From the above explanations, three questions are at least imperative to understand the constitutional nature of the forthcoming parliamentary local government elections at the State of Osun’s LGs. One, is a parliamentary system of government a DEMOCRACY or a “democratically elected” system of government as guaranteed under section 7(1) above? Two, is there a Law of the State of Osun on the “establishment, structure, composition, finance and functions of such councils” as parliamentary system in the State of Osun’s LGs? Three, is there any privision of the Nigerian 1999 Constitution which mandates States to adopt presidential system of government in the local government elections in their States? I shall now proceed to answer the questions seriatim.
On the first question, it is elementary that parliamentary system of government is a democracy. As a matter of fact, it is the system of government being practiced in the United Kingdom, Nigeria’s former colonial master, and several other democracies till date. Indeed, Nigeria actually practised parliamentary system of government before independence; under the 1960 Independence Constitution; as well as under the 1963 Republican Constitution. It was the 1979 Military-supervised Constitution that eventually introduced the present American Presidential system of government into Nigeria, with a super-President with powers of life and death as we see today. To the extent of the foregoing, we can therefore conclude that parliamentary system of government is a democracy as guaranteed under section 7 referenced above.
On the second question, it is a matter of fact that the State of Osun’s House of Assemby in 2016 amended relevant provisions of the State’s Local Government (Creation and Administration) Law 2015 to prescribe parliamentary democracy at the LGs in the State. The Governor subsequently assented to the law and it has since be gazzetted. As i type this, i am not aware of any invalidation of that law by any court of competent jurusdiction in Nigeria. Thus, the law remains a valid law of the State pursuant to the above section 7 & 8 of the Nigerian Constitution. To that extent too, we can safely conclude that there is a Law of the State of Osun backing a parliamentary system of government at the LGs.
On the third and last question, it is true that only the presidential system of government is allowed or constitutional for Federal and State governments elections in Nigeria. This is clearly provided for under section 5 which vests executive powers in the President and the State Governors respectively; and also section 4 which vests legislative powers in the National Assembly and the State Houses of Assembly respectively. However, there is no any such express or implied provision in respect of the local governments in Nigeria. Indeed, section 8 which qualifies or regulates the extent of State Laws for LGs under section 7 did not also make any express or implied provisions regarding “establishment” and “structure” of government at the LGs levels in Nigeria.
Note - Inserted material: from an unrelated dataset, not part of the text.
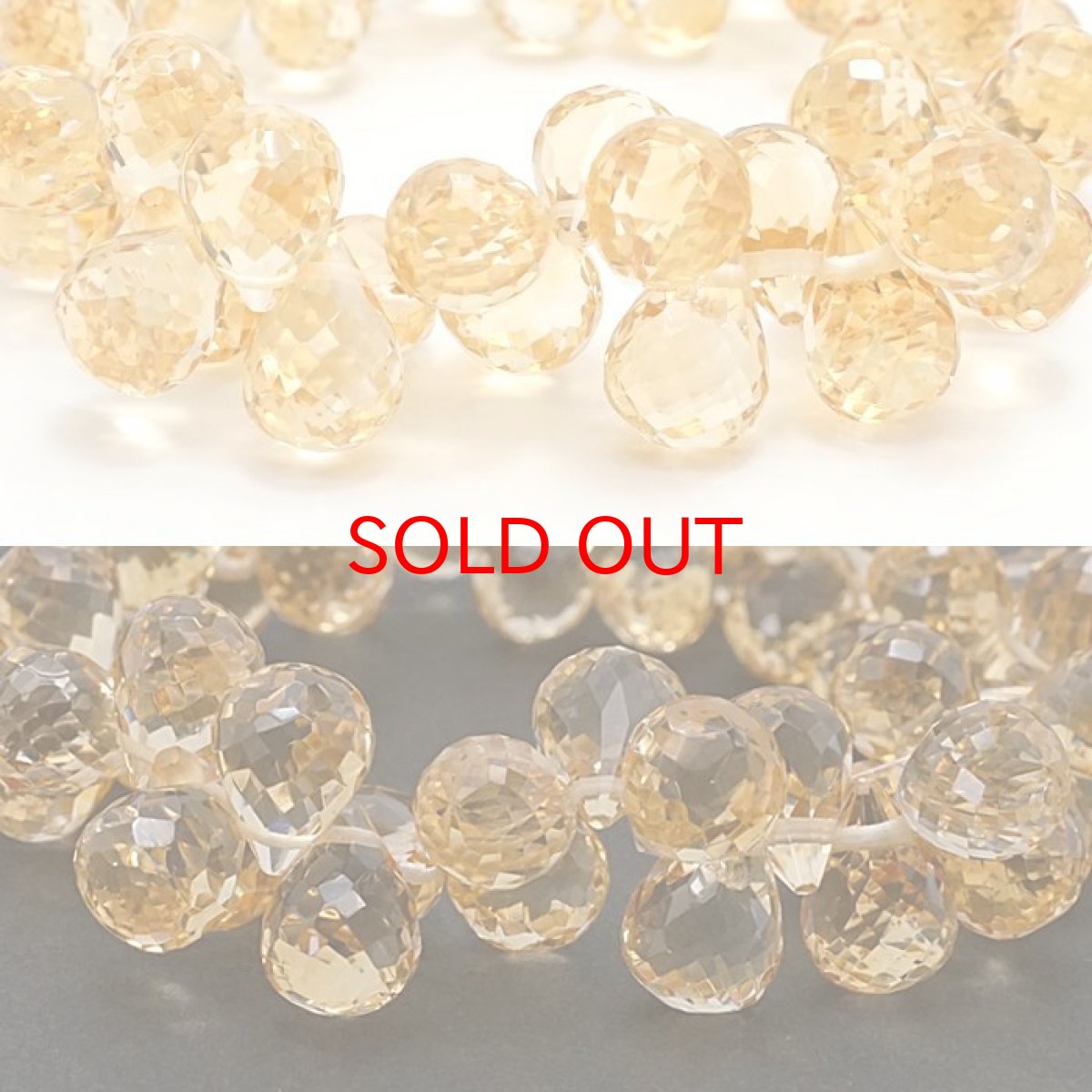 画像2: 【20%OFFセール】 シトリン ドロップカット ブレスレット 10mm 11月誕生石 Citrine 黄水晶 お守り 浄化 天然石 パワーストーン カラーストーン (2)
In conclusion, the recent or ongoing outcry about the impending parliamentary elections at the State of Osun’s LGs is distracting, unnecessary, baseless and unwarranted. In other words, it is within the constitutional powers of the State of Osun to enact a State Law on the “establishment” and “structure” of government at the LGs in the State. Parliamentary system is a democracy and there is no breach of the 1999 Constitution of Nigeria in the adoption of parliamentary system by any State of Nigeria in their LGs elections.
Note: I do not consider it necessary to dwell on the merits or demerits of a parliamentary system of government here. That’s a discussion for another day.